-- Data section follows --
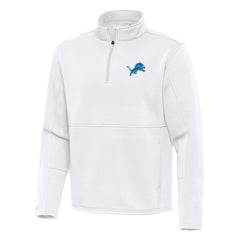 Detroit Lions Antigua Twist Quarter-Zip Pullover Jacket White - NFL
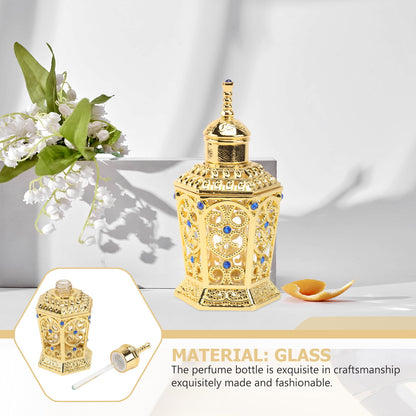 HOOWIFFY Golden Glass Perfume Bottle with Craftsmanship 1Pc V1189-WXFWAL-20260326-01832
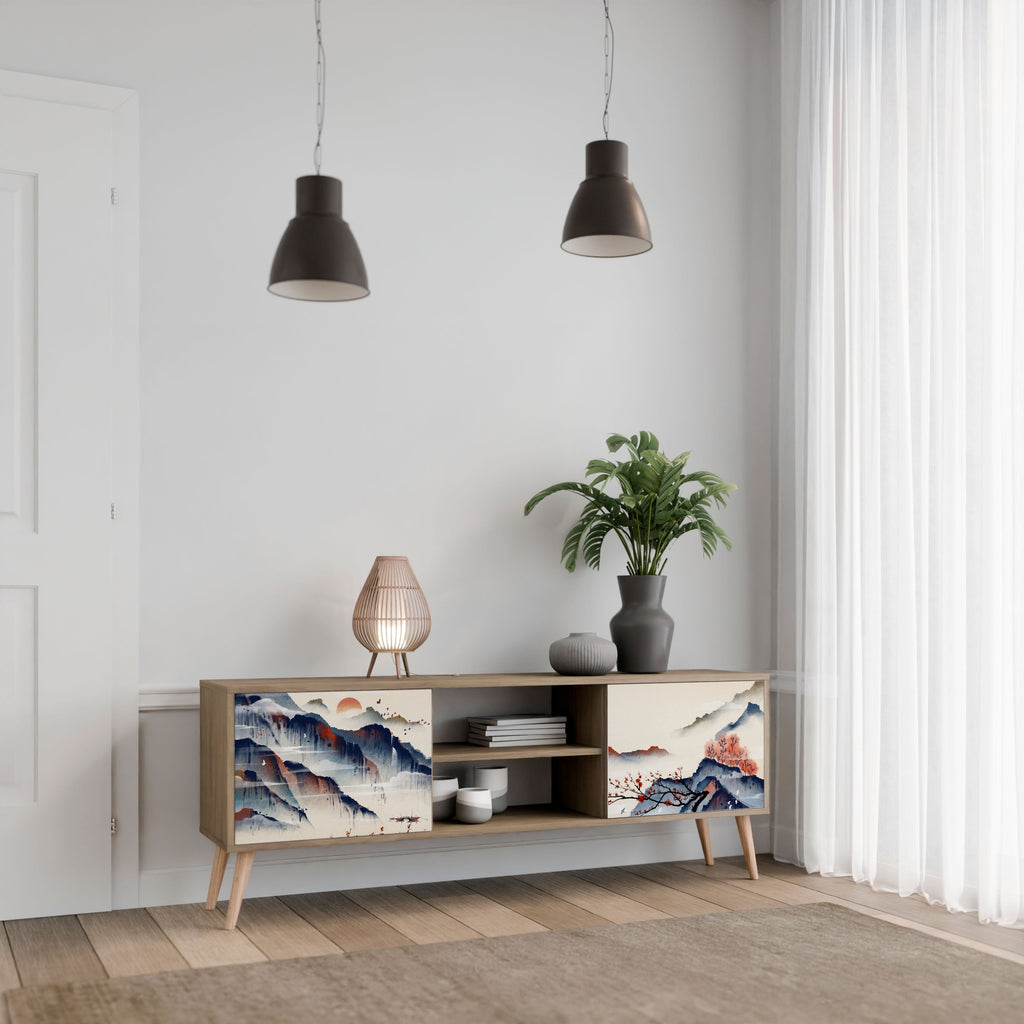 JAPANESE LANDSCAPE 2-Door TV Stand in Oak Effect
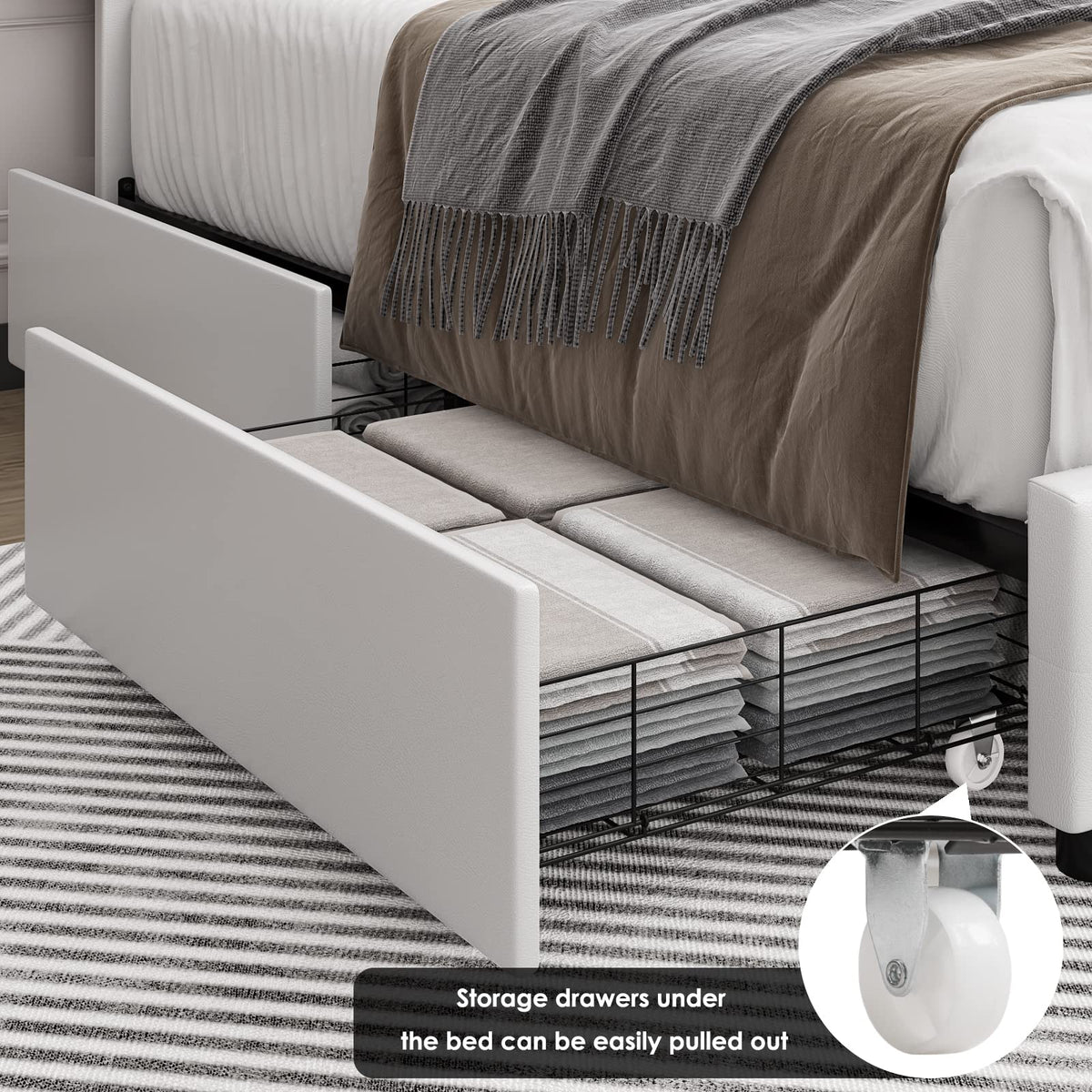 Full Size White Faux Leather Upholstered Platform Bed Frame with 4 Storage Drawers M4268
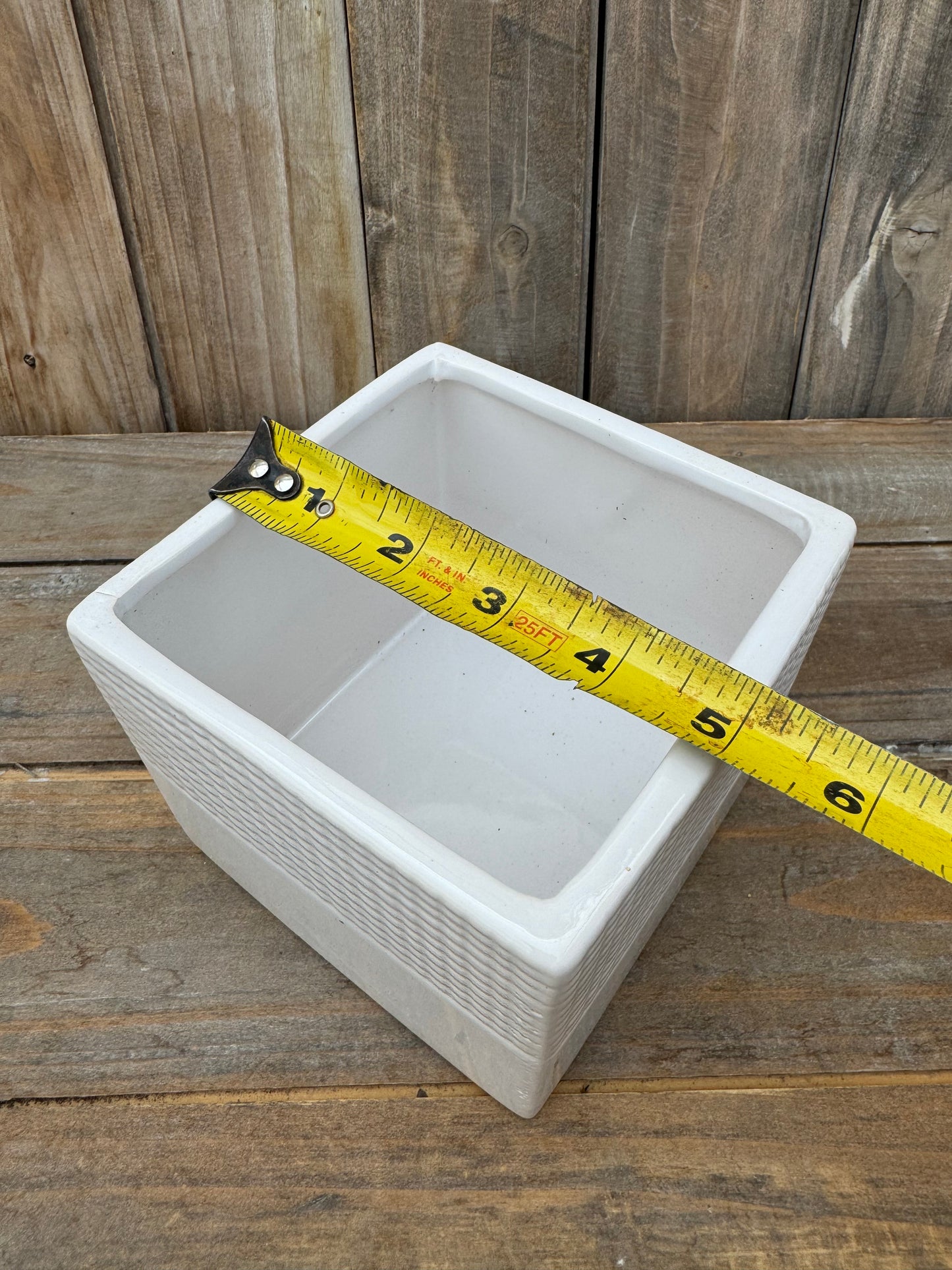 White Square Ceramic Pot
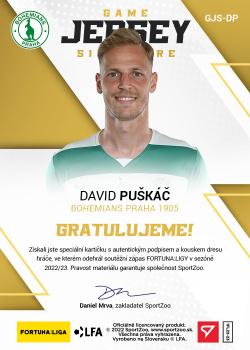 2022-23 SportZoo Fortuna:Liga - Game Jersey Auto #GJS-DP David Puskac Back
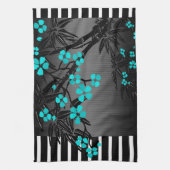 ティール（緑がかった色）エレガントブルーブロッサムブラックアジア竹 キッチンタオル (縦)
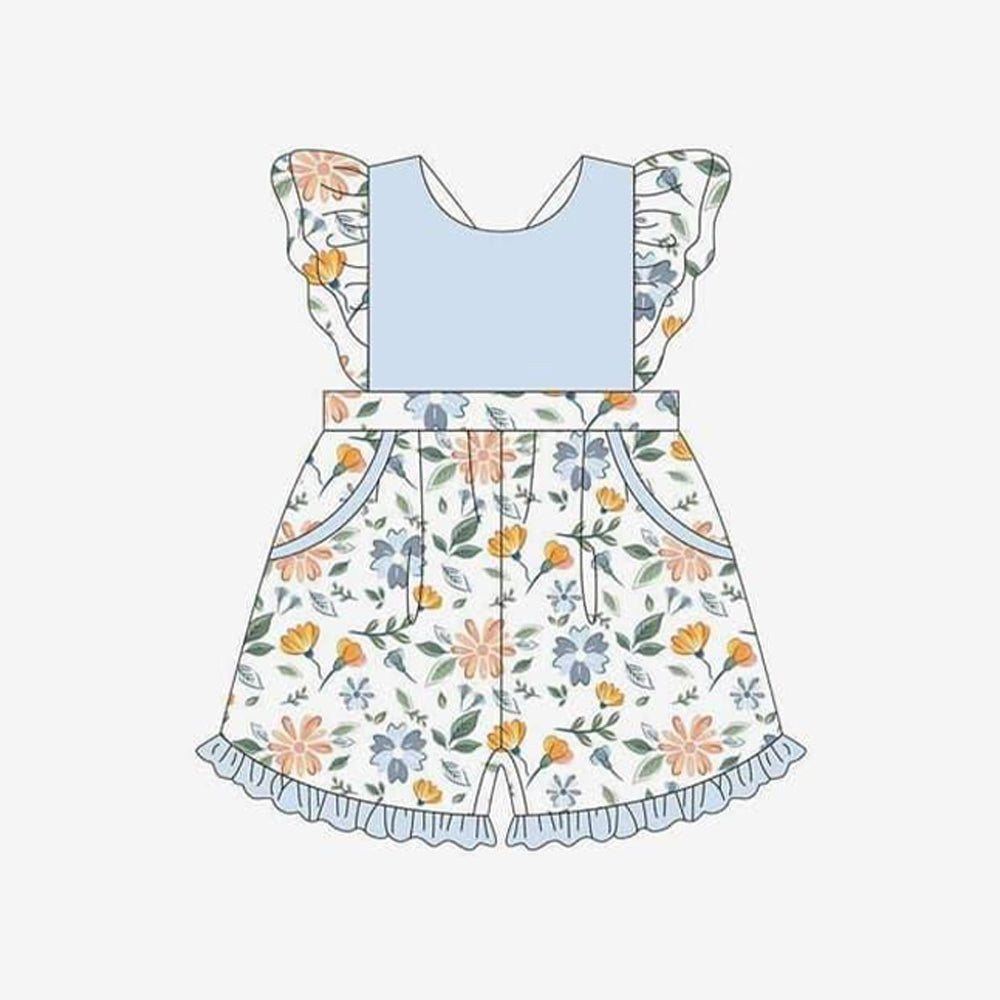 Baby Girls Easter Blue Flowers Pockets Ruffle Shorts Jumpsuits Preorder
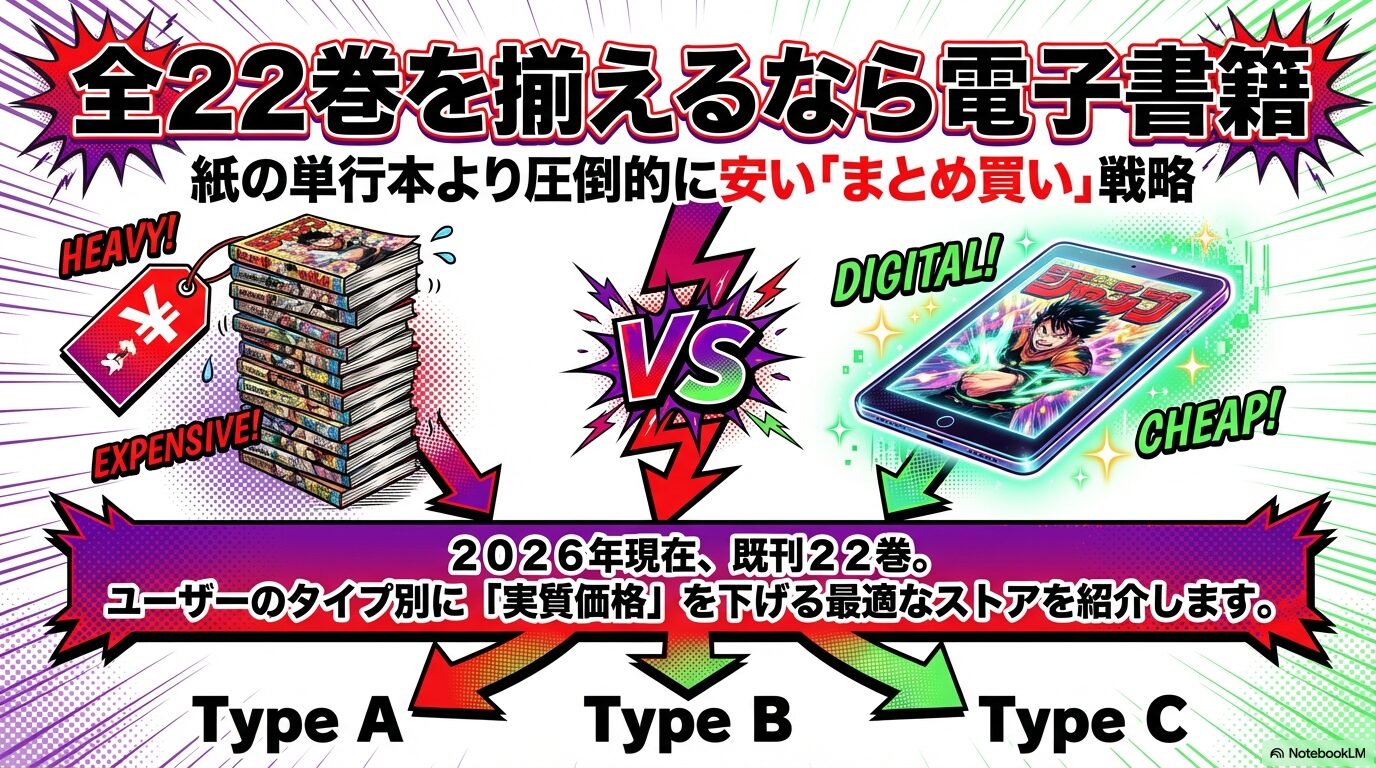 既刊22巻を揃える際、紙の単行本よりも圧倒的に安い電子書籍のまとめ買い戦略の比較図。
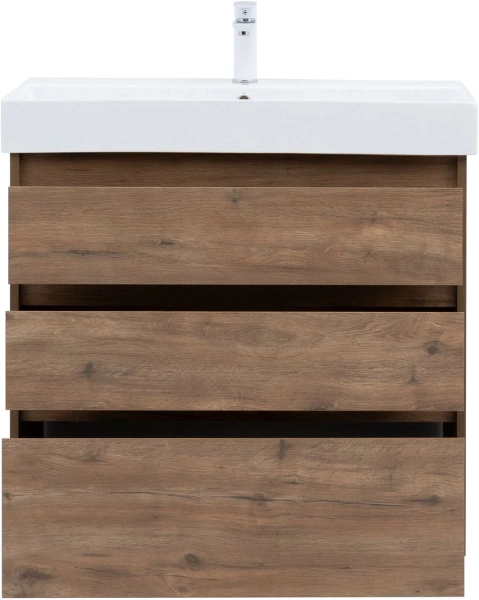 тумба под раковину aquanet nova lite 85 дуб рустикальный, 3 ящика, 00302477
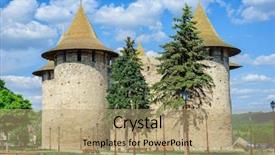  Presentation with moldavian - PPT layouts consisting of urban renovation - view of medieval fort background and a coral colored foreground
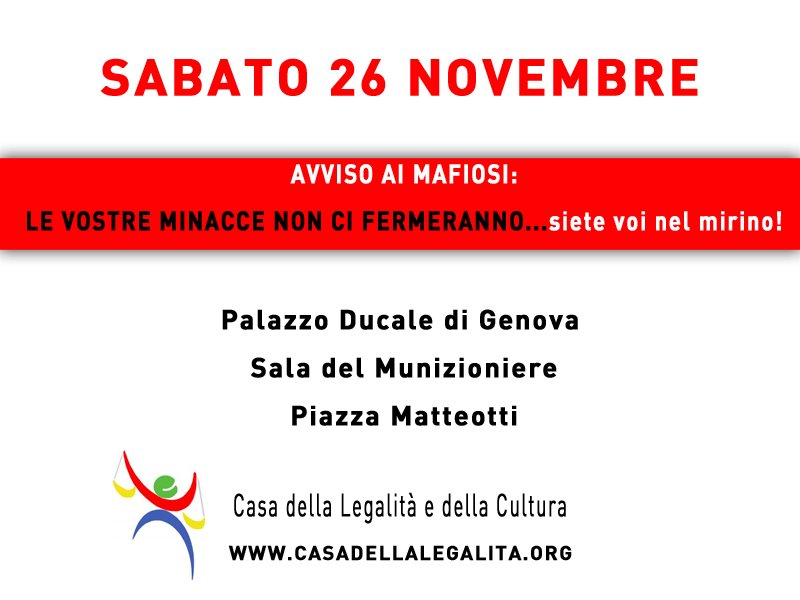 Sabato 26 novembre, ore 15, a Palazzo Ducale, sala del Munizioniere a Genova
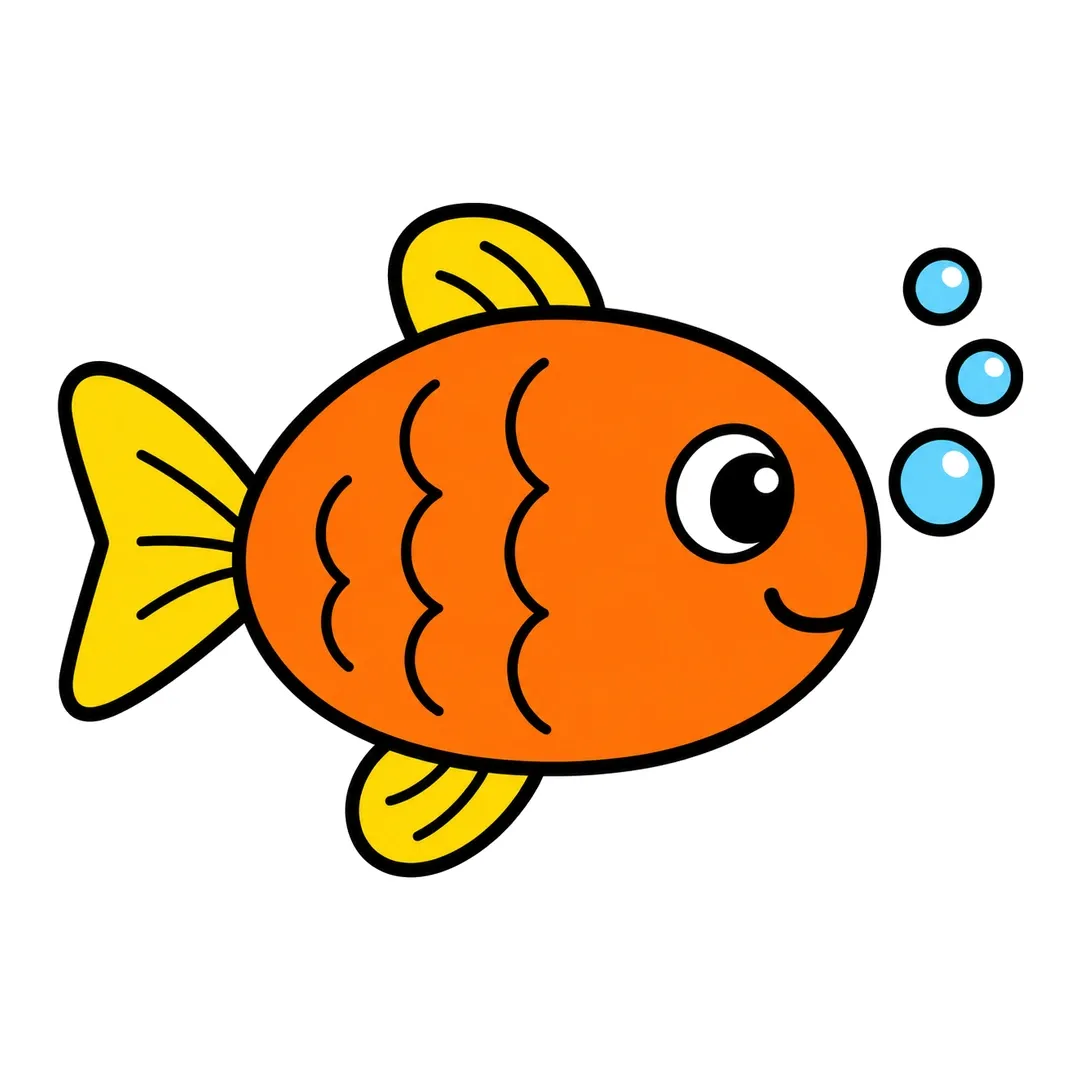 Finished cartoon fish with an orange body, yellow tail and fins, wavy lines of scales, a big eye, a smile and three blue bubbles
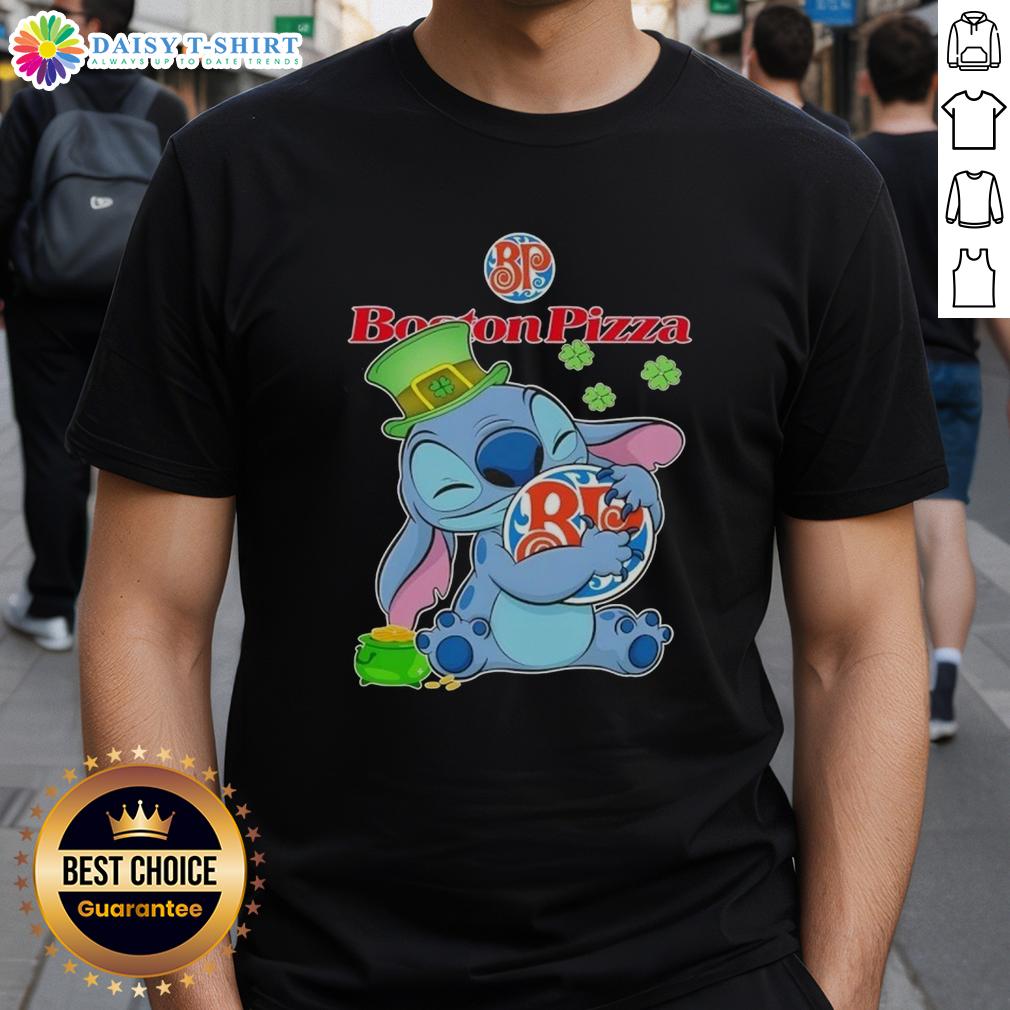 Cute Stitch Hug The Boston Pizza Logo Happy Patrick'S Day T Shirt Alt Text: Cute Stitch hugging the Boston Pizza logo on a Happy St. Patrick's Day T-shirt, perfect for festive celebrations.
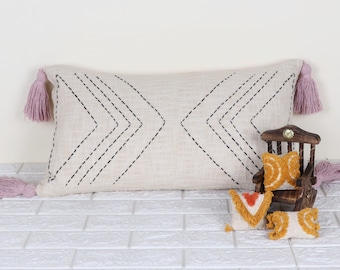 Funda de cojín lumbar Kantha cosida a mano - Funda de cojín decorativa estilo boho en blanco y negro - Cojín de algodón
-- Data section concluded --
- **Exercise goal**
The result should be an exact copy of only the lines above from the one that holds "既刊22巻を揃える際、紙の単" through the one that holds "Cute Stitch Hug The", both ends included, without pictures.

- **Written response**
 既刊22巻を揃える際、紙の単行本よりも圧倒的に安い電子書籍のまとめ買い戦略の比較図。
 тумба под раковину aquanet nova lite 85 дуб рустикальный, 3 ящика, 00302477
  Presentation with moldavian - PPT layouts consisting of urban renovation - view of medieval fort background and a coral colored foreground
 Sabato 26 novembre, ore 15, a Palazzo Ducale, sala del Munizioniere a Genova
 Finished cartoon fish with an orange body, yellow tail and fins, wavy lines of scales, a big eye, a smile and three blue bubbles
 Cute Stitch Hug The Boston Pizza Logo Happy Patrick'S Day T Shirt Alt Text: Cute Stitch hugging the Boston Pizza logo on a Happy St. Patrick's Day T-shirt, perfect for festive celebrations.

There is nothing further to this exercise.